Rethinking Parameter Sharing as Graph Coloring for Structured Compression
Boyang Zhang, Daning Cheng, Yunquan Zhang
TL;DR
The paper addresses the memory bottleneck of large neural models and the limitations of heuristic, adjacent-layer parameter sharing. It introduces Geo-Sharing, a symmetry- and graph-coloring-based framework that represents cross-layer sharing via a coloring function $\alpha: L \rightarrow C$ and selects sharing groups using a second-order geometric criterion that aligns perturbations with the Hessian's low-curvature subspace. By decomposing weights with shared bases $B_b=(U_b,V_b)$ and solving a curvature-aligned optimization under a trust-region constraint, the method yields scalable, training-free sharing configurations. Across vision and language benchmarks, Geo-Sharing achieves superior compression–accuracy trade-offs, with substantial inference-time efficiency gains and strong scalability to very large models.
Abstract
Modern deep models have massive parameter sizes, leading to high inference-time memory usage that limits practical deployment.
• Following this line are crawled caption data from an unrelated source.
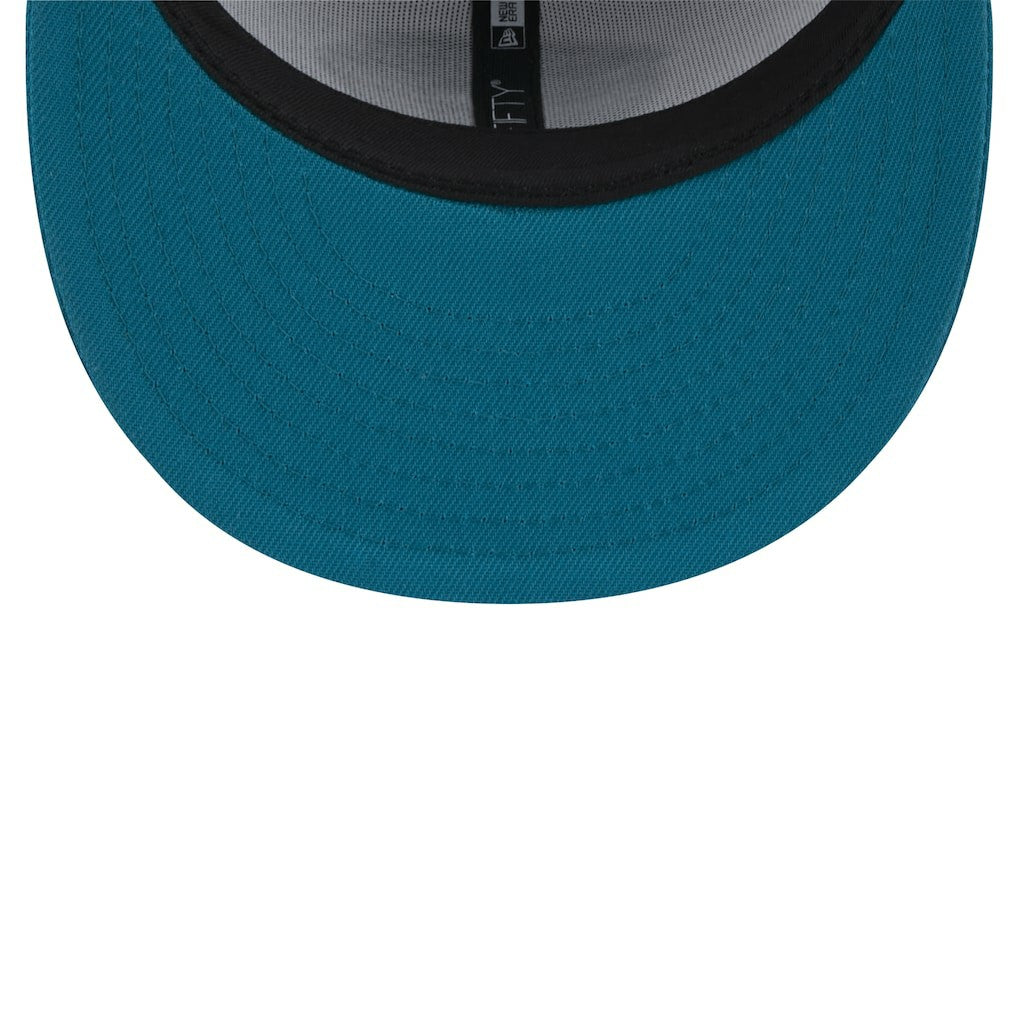 Jacksonville Jaguars New Era Throwback Logo Flipside Two-Tone 59FIFTY Fitted Hat White/Teal - NFL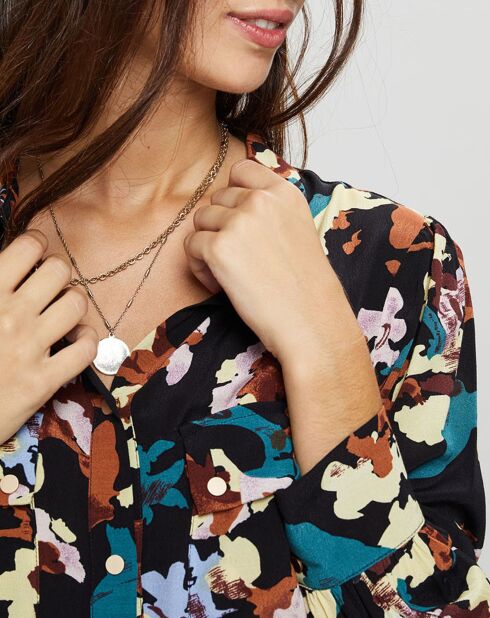 Zwart/veelkleurige Chemsy-jurk met print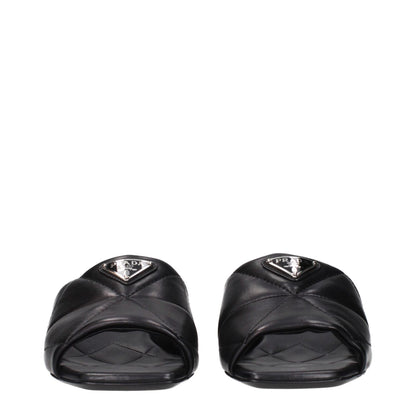 Prada Black Leather Sandals with front logo design, MPN 1XX656038035F0002, code F84279. Stylish women's footwear by Prada.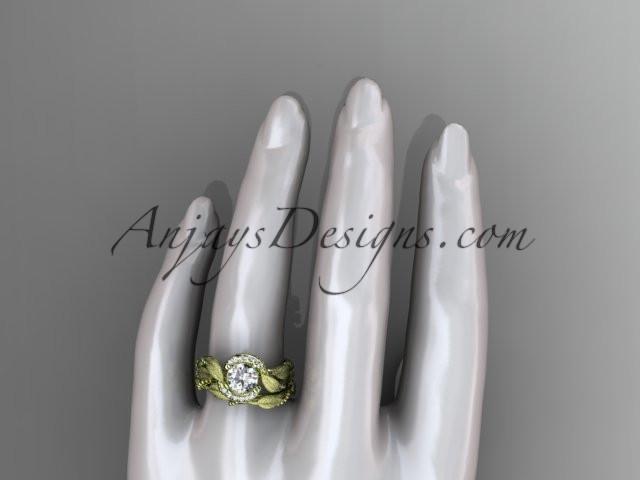 14kt yellow gold diamond leaf and vine wedding ring, engagement set ADLR65S - AnjaysDesigns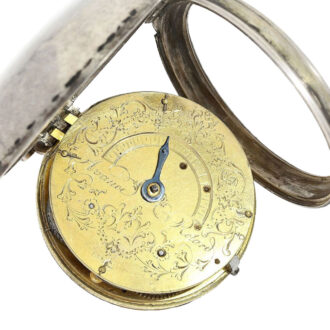 French silver verge pocket watch with calender Circa 1790 French silver verge pocket watch with calender Circa 1790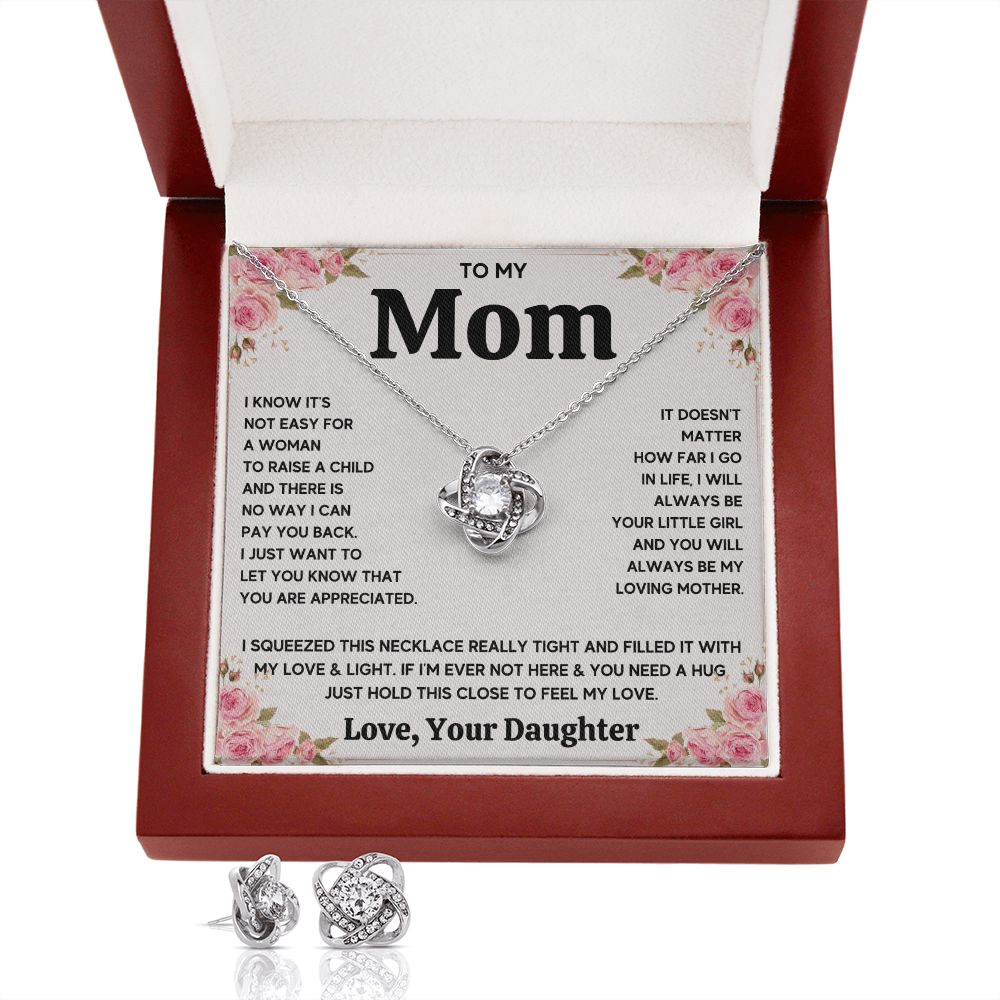 TO MY MOM FROM DAUGHTER SQUEEZED LOVE KNOT EARRING NECKLACE GIFT SET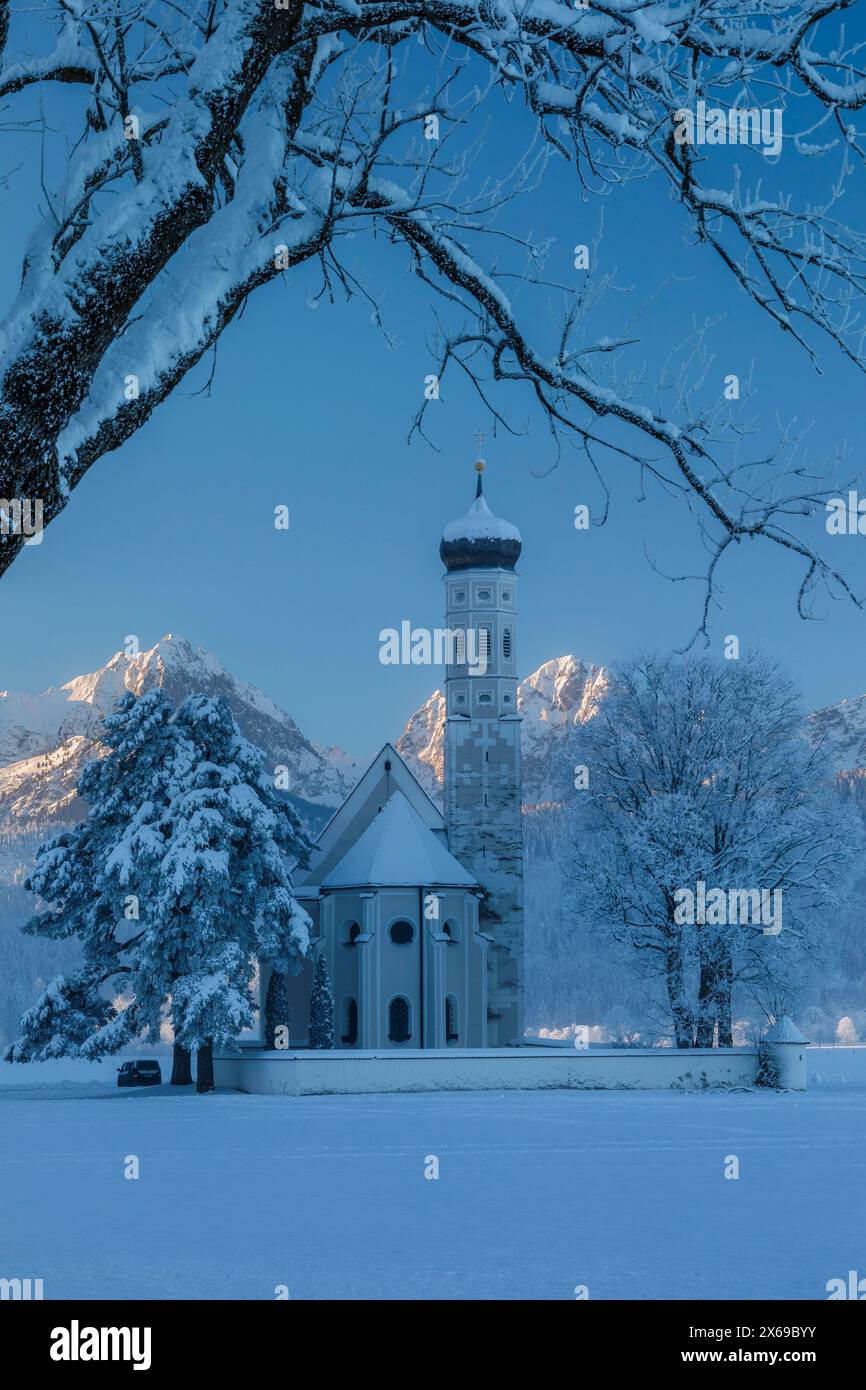 Église de pèlerinage de nouveaux Coloman près de Schwangau, Allgäu, Souabe, Bavière, Allemagne Banque D'Images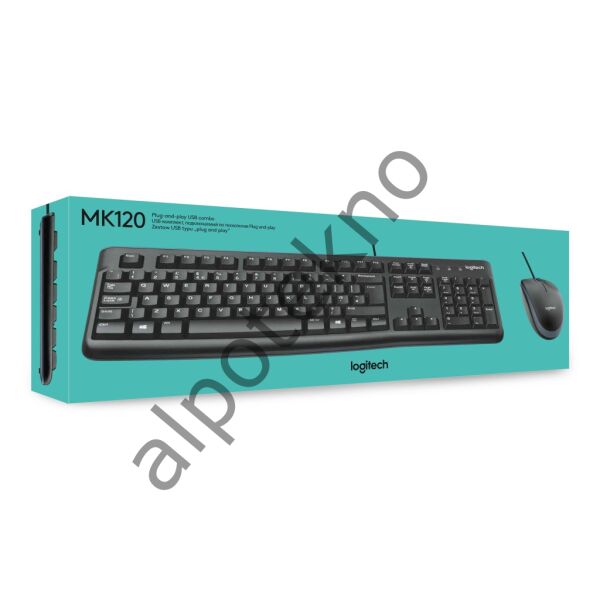 LOGITECH MK120 TÜRKÇE KABLOLU USB STANDART SİYAH 920-002560 Q KLAVYE MOUSE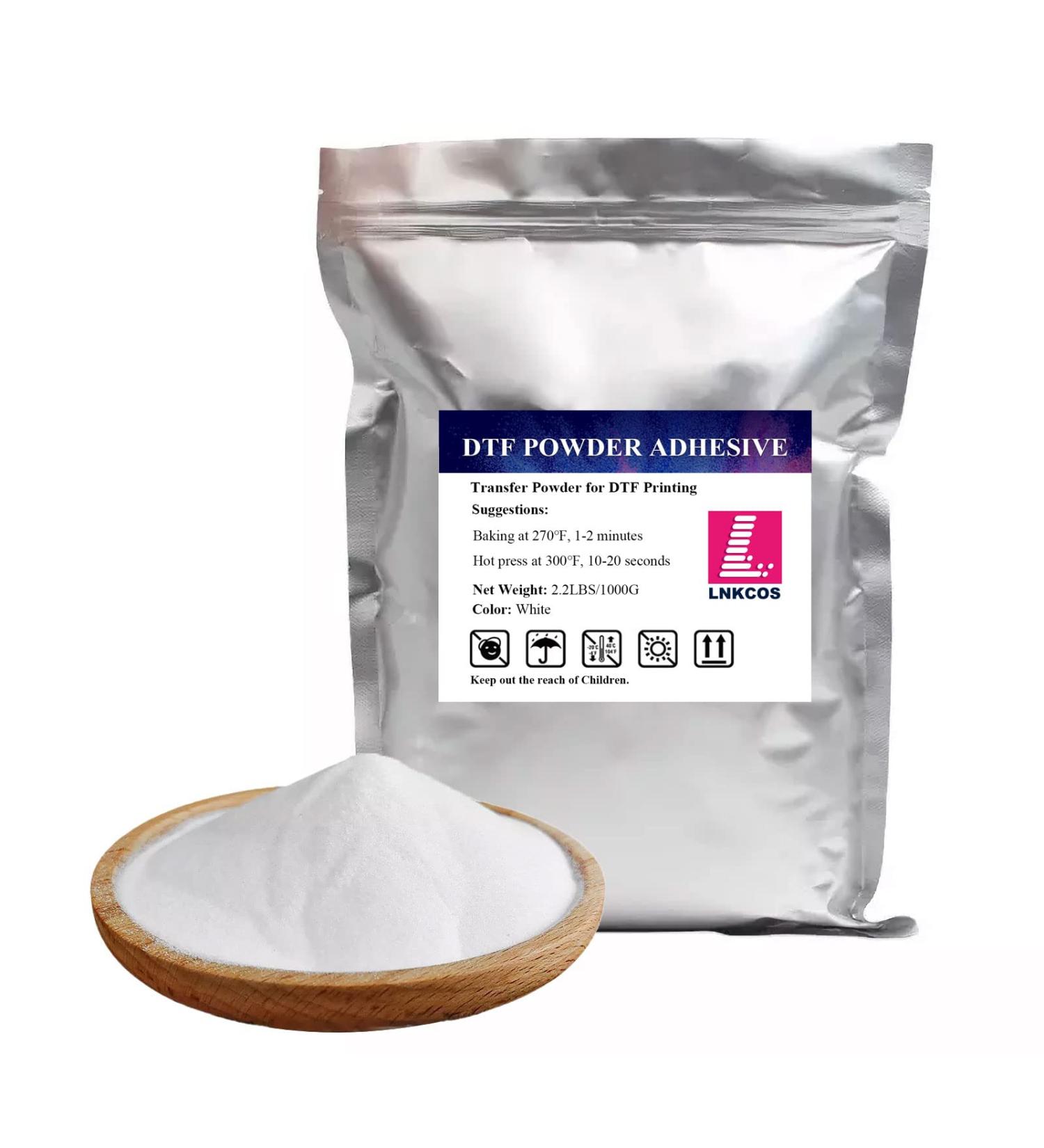 LNKCOS DTF Powder 1000G/35.3 oz White Digital Transfer Hot Melt Adhesive  Pretreat Powder for L1800 Printer DTF DTG Printer Direct Print on All Fabric Include Polyester Cotton T-Shirt Textile White 2.2 Pound (Pack of 1)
Parameter sharing, a form of structured compression, effectively reduces redundancy, but existing approaches remain heuristic-restricted to adjacent layers and lacking a systematic analysis for cross-layer sharing. However, extending sharing across multiple layers leads to an exponentially expanding configuration space, making exhaustive search computationally infeasible and forming a critical bottleneck for parameter sharing. We recast parameter sharing from a group-theoretic perspective as introducing structural symmetries in the model's parameter space. A sharing configuration can be described by a coloring function $α:L\rightarrow C$ (L: layer indices and C: sharing classes), which determines inter-layer sharing groups while preserving structural symmetry. To determine the coloring function, we propose a second-order geometric criterion based on Taylor expansion and the Hessian spectrum. By projecting perturbations onto the Hessian's low-curvature eigensubspace, the criterion provides an analytic rule for selecting sharing groups that minimize performance impact, yielding a principled and scalable configuration procedure. Across diverse architectures and tasks, Geo-Sharing consistently outperforms state-of-the-art heuristic sharing strategies, achieving higher compression ratios with smaller accuracy degradation.